Vanishing Twin is a brand new project, led by Cathy Lucas also known as “Orlando”. We recorded an album in North London produced by one of my favourite drummers and producer Malcom Catto (The Heliocentrics, Mulatu Astatke, Madlib etc…). We signed a record deal with Soundway so you’ll be soon able to hear the album.( Out in September.) I am extremely proud of this work as it took us almost a year to finish. It is extremely orchestrated, and magnificently performed by incredibly talented musicians. It is an intriguing mix of Library, Exotica, and soul jazz and popcorn music.
(((o))): How have you found being a woman in rock music? Often in mainstream pop women’s physicality seems to be emphasised, and some female musicians have written about having to cope with casual sexism. How have you found the music scene, have you experienced much sexism and gender stereotyping or have you been pleasantly surprised by your experience?
I never considered myself as female drummer or a woman in rock music, but simply a drummer. I have always refused to answer ads and I have been extremely sceptical about bands seeking female musicians. It means nothing to me. The way you play an instrument can only marginally change according to the sex of who plays it. Certainly playing death metal or really loud and heavy beats on the drums requires more strength and could possibly be more suitable roles for male candidates so, I am not ruling out exceptions.
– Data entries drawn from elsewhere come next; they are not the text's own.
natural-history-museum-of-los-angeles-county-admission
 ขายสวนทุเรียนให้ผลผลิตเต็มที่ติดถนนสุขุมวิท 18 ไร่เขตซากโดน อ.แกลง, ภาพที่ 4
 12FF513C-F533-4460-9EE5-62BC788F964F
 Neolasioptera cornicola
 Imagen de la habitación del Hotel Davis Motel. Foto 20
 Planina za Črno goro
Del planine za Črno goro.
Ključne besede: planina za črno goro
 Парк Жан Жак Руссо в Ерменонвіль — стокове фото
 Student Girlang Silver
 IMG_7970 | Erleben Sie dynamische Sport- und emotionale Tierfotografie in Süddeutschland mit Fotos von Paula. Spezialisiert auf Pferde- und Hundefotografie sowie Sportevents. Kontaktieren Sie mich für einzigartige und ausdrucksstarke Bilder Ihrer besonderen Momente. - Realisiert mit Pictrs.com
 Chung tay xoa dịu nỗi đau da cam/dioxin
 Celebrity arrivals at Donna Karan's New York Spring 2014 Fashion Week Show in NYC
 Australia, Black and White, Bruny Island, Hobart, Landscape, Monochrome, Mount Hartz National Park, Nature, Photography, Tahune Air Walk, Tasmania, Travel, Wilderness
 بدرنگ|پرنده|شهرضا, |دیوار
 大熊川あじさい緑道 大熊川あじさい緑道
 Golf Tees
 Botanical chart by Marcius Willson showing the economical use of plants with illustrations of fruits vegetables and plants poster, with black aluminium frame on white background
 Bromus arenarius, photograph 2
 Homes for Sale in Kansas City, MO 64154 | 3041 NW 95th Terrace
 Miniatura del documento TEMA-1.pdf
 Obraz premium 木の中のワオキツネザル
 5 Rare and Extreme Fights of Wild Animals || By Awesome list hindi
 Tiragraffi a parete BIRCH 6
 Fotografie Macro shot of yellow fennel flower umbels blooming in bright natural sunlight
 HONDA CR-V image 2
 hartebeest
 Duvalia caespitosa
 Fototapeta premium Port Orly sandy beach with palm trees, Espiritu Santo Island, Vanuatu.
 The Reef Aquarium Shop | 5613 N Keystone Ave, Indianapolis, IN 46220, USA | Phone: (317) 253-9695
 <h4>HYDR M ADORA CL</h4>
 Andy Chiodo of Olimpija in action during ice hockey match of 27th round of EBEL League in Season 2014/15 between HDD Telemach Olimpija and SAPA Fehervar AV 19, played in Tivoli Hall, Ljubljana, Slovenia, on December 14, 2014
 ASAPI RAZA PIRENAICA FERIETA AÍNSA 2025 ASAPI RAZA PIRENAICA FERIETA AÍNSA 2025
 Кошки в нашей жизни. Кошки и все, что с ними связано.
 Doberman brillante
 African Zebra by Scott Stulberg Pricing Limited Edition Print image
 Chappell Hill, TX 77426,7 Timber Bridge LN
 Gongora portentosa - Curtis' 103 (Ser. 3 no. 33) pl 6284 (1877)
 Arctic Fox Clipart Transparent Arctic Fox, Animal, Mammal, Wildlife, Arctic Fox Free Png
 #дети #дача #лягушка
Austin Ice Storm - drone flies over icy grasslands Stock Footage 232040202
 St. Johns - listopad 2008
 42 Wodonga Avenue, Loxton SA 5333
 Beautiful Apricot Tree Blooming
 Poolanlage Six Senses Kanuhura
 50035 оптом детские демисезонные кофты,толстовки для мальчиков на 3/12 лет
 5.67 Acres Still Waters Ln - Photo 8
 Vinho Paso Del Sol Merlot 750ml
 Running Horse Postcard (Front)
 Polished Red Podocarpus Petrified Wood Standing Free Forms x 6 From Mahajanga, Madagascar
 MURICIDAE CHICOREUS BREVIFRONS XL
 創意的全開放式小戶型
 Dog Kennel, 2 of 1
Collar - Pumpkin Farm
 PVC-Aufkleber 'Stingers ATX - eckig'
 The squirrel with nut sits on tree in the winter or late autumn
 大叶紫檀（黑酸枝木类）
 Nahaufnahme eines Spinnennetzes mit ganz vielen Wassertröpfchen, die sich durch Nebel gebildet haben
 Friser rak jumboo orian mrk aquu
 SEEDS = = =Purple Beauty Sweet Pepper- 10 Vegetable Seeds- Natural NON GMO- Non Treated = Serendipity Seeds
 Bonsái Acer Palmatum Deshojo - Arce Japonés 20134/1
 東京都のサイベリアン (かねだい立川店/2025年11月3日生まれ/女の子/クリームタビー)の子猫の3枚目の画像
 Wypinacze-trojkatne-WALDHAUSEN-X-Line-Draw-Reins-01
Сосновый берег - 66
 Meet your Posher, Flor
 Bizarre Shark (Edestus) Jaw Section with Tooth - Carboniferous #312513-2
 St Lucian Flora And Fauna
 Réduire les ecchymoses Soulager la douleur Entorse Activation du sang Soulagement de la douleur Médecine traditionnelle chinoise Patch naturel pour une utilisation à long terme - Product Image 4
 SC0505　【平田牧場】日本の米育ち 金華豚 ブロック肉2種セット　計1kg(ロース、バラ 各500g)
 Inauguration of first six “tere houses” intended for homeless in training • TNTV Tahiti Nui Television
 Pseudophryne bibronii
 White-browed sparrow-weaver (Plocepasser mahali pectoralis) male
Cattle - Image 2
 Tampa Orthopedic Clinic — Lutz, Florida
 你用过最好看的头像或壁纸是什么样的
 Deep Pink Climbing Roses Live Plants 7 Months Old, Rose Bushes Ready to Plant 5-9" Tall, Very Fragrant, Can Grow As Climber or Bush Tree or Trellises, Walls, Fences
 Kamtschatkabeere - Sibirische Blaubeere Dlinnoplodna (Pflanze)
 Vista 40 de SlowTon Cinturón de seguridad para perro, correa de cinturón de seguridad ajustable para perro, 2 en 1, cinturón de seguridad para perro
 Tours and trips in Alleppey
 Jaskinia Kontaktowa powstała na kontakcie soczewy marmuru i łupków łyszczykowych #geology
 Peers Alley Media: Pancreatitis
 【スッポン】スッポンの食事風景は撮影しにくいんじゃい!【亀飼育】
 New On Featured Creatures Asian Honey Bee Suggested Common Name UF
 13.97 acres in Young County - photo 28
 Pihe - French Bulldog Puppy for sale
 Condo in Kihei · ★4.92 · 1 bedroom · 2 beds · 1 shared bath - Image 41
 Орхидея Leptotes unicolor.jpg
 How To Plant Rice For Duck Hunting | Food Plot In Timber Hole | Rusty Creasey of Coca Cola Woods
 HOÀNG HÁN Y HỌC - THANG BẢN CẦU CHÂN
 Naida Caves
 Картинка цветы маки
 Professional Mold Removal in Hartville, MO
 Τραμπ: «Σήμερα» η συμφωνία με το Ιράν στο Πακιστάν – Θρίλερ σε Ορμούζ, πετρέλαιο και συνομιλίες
However music is just a way of expression, a force able to unite and separate us and in my head it has no gender, neither changes accordingly to the genders of the musicians. I have to admit that in my list of favourite drummers I have only few female musicians but I am sure this could be just a coincidence or my ignorance in discovering new artists.
As far as the casual sexism goes, yes every now and then I feel victim of preconceptions or conventions but I attempt not to be affected by them. I had the occasional “ You are very good drummer for being female” or once on stage ready to sound check being asked “Are you the drummer?” but in general the audience who come to see Tomaga is incredibly open minded and free from stereotypes so it really doesn’t offend me. Who cares really?
(((o))): Who has influenced you both musically and more generally?
This is a tricky question. It would be very limiting citing few artists as I find new inspirations daily in my life. Not only browsing my extensive record collection but reading and attending events (theatre, gig etc…).I guess what comes out from my music is a random mix of my feelings filtering whatever catches my mood, my feelings and my ears. In my head, I know this might sound arrogant, I try to distinguish a genuine product from a derivative one and base my influence on the former.
(((o))): What current bands are you excited by?
There is a lot of great labels and great stuff out there! I am naturally excited by all the “Negative Days”(our imprint) and “Hands in the Dark” releases like Brian Case’s from Disappears debut album, Blutwurst debut album (out this autumn), MFU Home Tapes ( that hopefully will come put on LP soon), Pierre Bastien, The Heliocentrics, Bzz Bzz ueu and almost everything from www.musicalacoque.it, Rocket Recordings, Blackest ever Black, www.dieschachtel.com, www.finderskeepersrecords.com etc etc….
(((o))): How is the rest of 2016 looking? Have any of the bands you play with plans for new releases ?
The rest of 2016 looks pretty busy but incredibly exciting. I have a lot of shows booked and few recording sessions scheduled. Raime is out on the 10th of June ( Blackest ever Black), Vanishing Twin ( Soundway) will be out second week of September ,the new Tomaga album should be out the first week of September.( Hands in the Dark/ Negative Days)
Moreover I recorded an album with new project called “UUUU” with Graham Lewis, Matthew Simms (Wire) and Tighpaulsandra (Coil) currently being mixed. (Not sure when it will be out on EMEGO).
Big thanks to Valentina for time, music and interview.